Stored data entries

'''

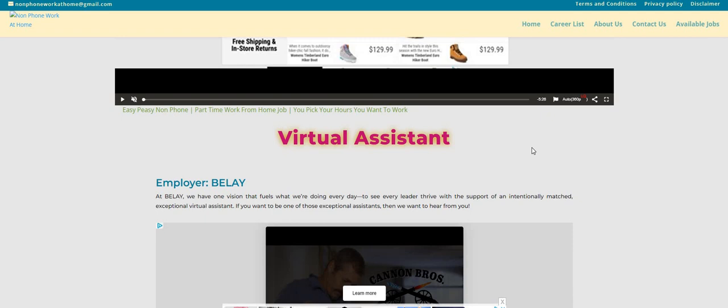The states are also listed on the website. Again, the company is Belay, they're looking to fill their virtual assistant work from home position, part-time, 18 to 21 dollars an hour. Be sure to do your research and I will leave a link right below the video in the description box so you guys can apply.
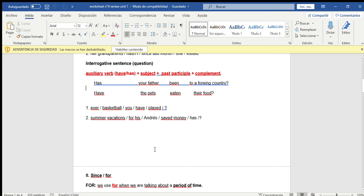Number two: the auxiliary for the subject Andrés is 'has.' The parts are: 'for his' — para su; 'save money' — ahorrar dinero; 'summer vacations' — vacaciones de verano. We start with the auxiliary 'has.' The ordered sentence is: Has Andrés saved money for his summer vacations?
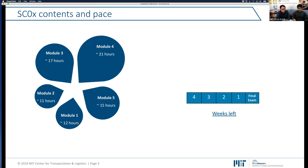Without further ado, as a reminder, this course SC0x is structured in five different modules. Module one is about an overview of supply chain management and data management. Module two is about probability. Module three is about statistics. Today we're going to be talking about module four, which is optimization. And lastly, module five is about algorithm approximation and simulations. These are the modules that are going to be assessed and evaluated during our final exam — it's going to be a comprehensive final exam.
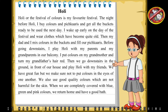I wake up early on the day of the festival and wear clothes which have become quite old. Then my dad and I mix colors in the buckets and fill our pichkaris. Before going downstairs, I play Holi with my parents and my grandparents in our balcony.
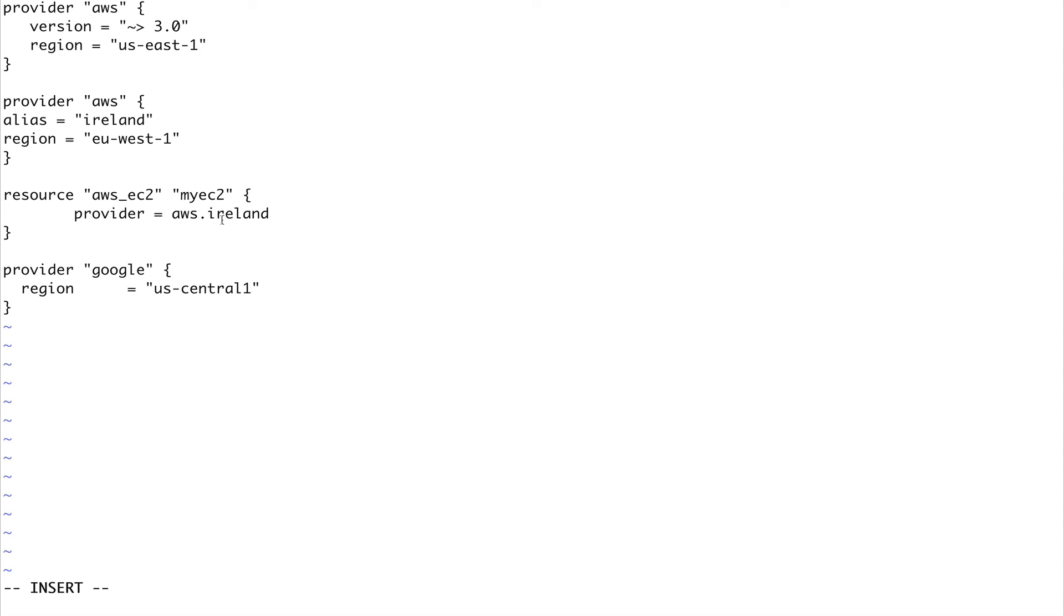This is how you actually do it. You can use the provider keyword inside your resource and specify the provider. You can have multiple providers and you can have resources using different providers. Yeah, this is it for this video guys. I just wanted to cover the providers in detail.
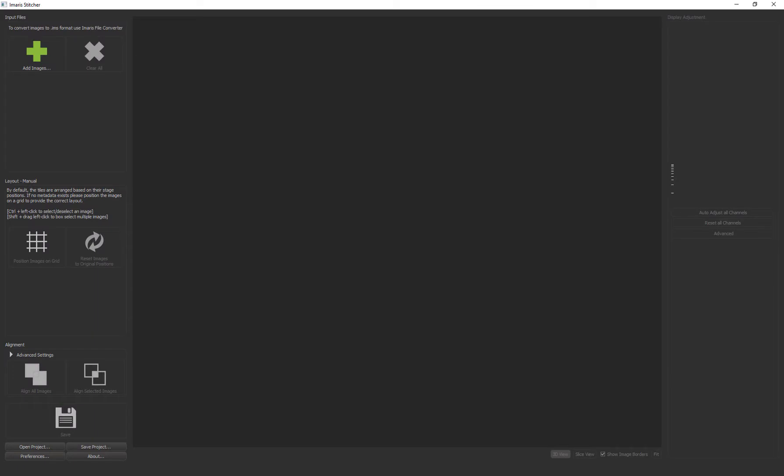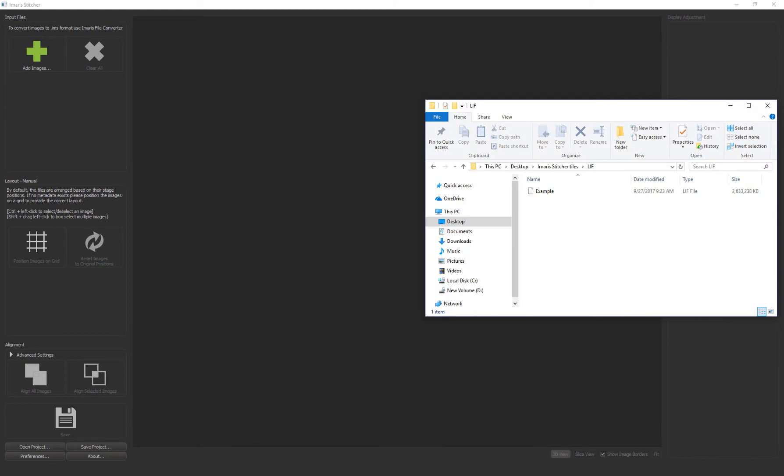First I'll start Imaris Stitcher. I want to load a lift file which contains tiles that make up three images. Because Imaris Stitcher only accepts Imaris files, the best way to handle other types of files is to either convert the file ahead of time with Imaris file converter or drag and drop the file into the Imaris Stitcher window.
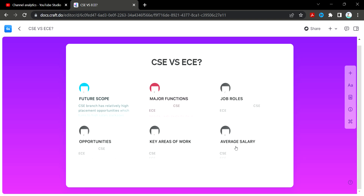Welcome back students. In this video I am going to discuss CSE versus ECE. There is a lot of confusion among students, so I will discuss the difference between CSE and ECE.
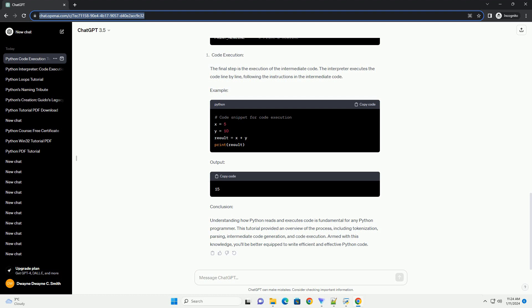Example: The final step is the execution of the intermediate code. The interpreter executes the code line by line, following the instructions in the intermediate code.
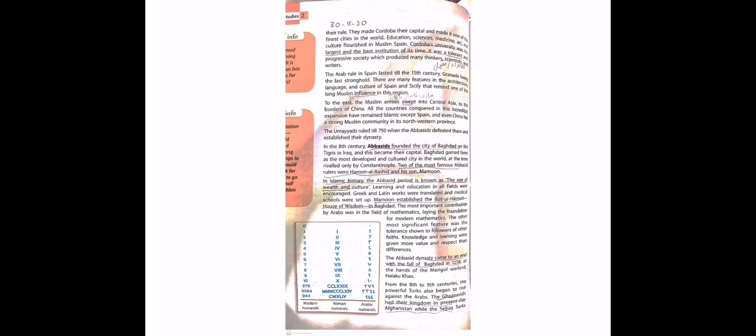Two of the most famous Abbasid rulers were Harun al-Rashid and his son Maamon. Us waqt Abbasids ke jo rulers the. The Abbasid period is known as the age of wealth and culture. Jo Islamic tareekh hai uske andar Abbasids ka jo daur hai usko age of wealth and culture kaha jata hai - daulat aur culture, saqafat ka age, uska daur kaha jata hai.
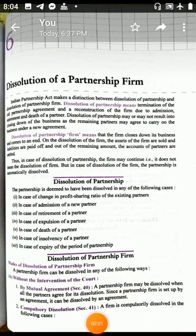Good morning students. I am Arvinder Singh Maan, PGT Commerce, Vidya Ashram Public School. Today we will take on chapter number 6: dissolution of partnership firm.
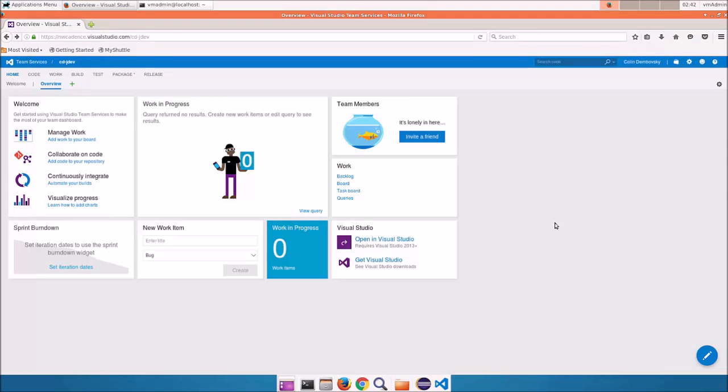Hi, this is Colin from Northwest Cadence. In this first lab, you'll create a new team project on Visual Studio Team Services.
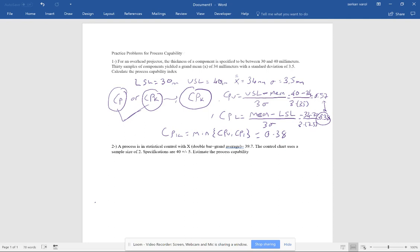CPK is equal to 0.38. Since CPK is less than one, the process capability is not at the desired level and is not acceptable. If it is less than one we don't like the process capability, but if it is more than one we say yes, the process may be capable. That was the first problem.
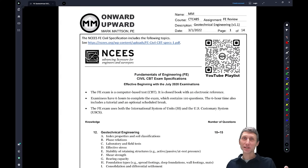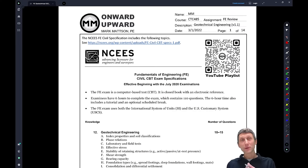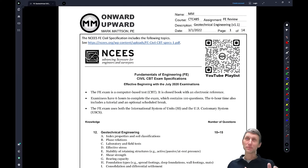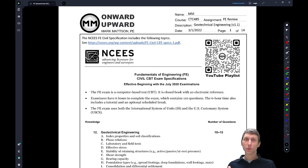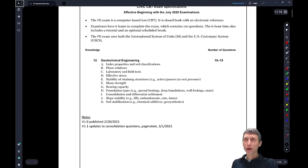Welcome to another edition of FE Review Civil 2022. We're excited to talk about soil tonight — we don't call it dirt. The puns won't hit rock bottom, but we'll try to have some fun. We're going to be working through problems like we do each week, focusing on geotechnical engineering.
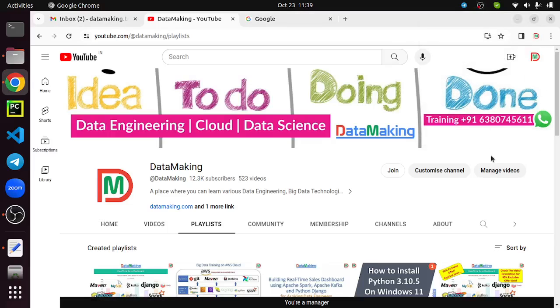Hello friends, welcome to my channel Data Making. In this video I'm going to explain how to install Microsoft SQL Server as a Docker container on Ubuntu operating system. Let's get started.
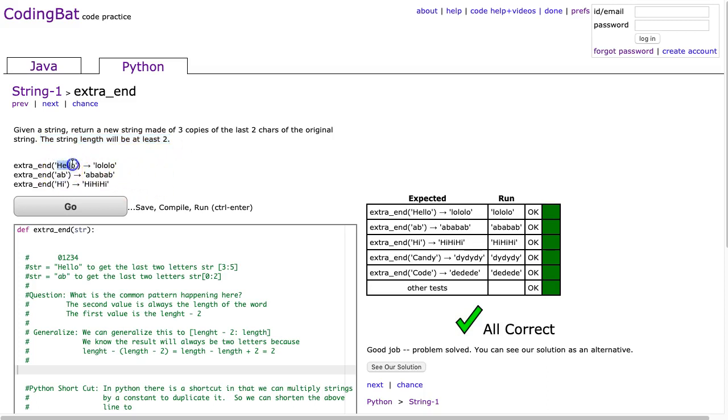Alright, we can look at the examples. Hello, the last two letters are LO. We get LO, LO, LO. AB, the last two letters are the entire string. AB, AB, AB. And HI, same situation. Hi, hi, hi.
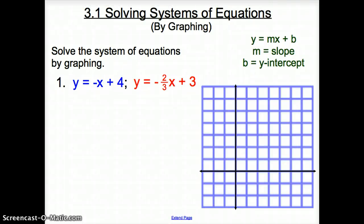Welcome ladies and gentlemen to a whole new chapter — chapter 3, section 1: solving systems of equations. And first we're going to start by graphing.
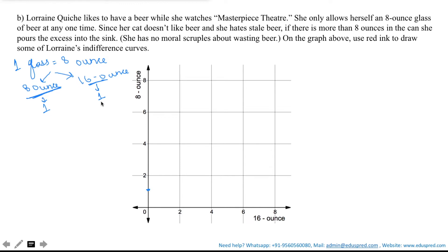What if her refrigerator has only 16-ounce cans and no 8-ounce cans? She would pour half of it into her glass and throw away the remaining, since her cat does not like stale beer. Thus she empties the entire can — she is consuming only 8 ounces of beer but using an entire 16-ounce can, half consumed and half thrown away. That gives a point on the X-axis. Since the preferences are perfect substitutes, a unique line passes through both points, giving this indifference curve.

'''

■ Assigned task:
Copy only this from above: the line containing "Number two: the", the line containing "I wake up early", and all lines between, printed exactly. Leave out the pictures.

■ Exercise output:
Number two: the auxiliary for the subject Andrés is 'has.' The parts are: 'for his' — para su; 'save money' — ahorrar dinero; 'summer vacations' — vacaciones de verano. We start with the auxiliary 'has.' The ordered sentence is: Has Andrés saved money for his summer vacations?
Without further ado, as a reminder, this course SC0x is structured in five different modules. Module one is about an overview of supply chain management and data management. Module two is about probability. Module three is about statistics. Today we're going to be talking about module four, which is optimization. And lastly, module five is about algorithm approximation and simulations. These are the modules that are going to be assessed and evaluated during our final exam — it's going to be a comprehensive final exam.
I wake up early on the day of the festival and wear clothes which have become quite old. Then my dad and I mix colors in the buckets and fill our pichkaris. Before going downstairs, I play Holi with my parents and my grandparents in our balcony.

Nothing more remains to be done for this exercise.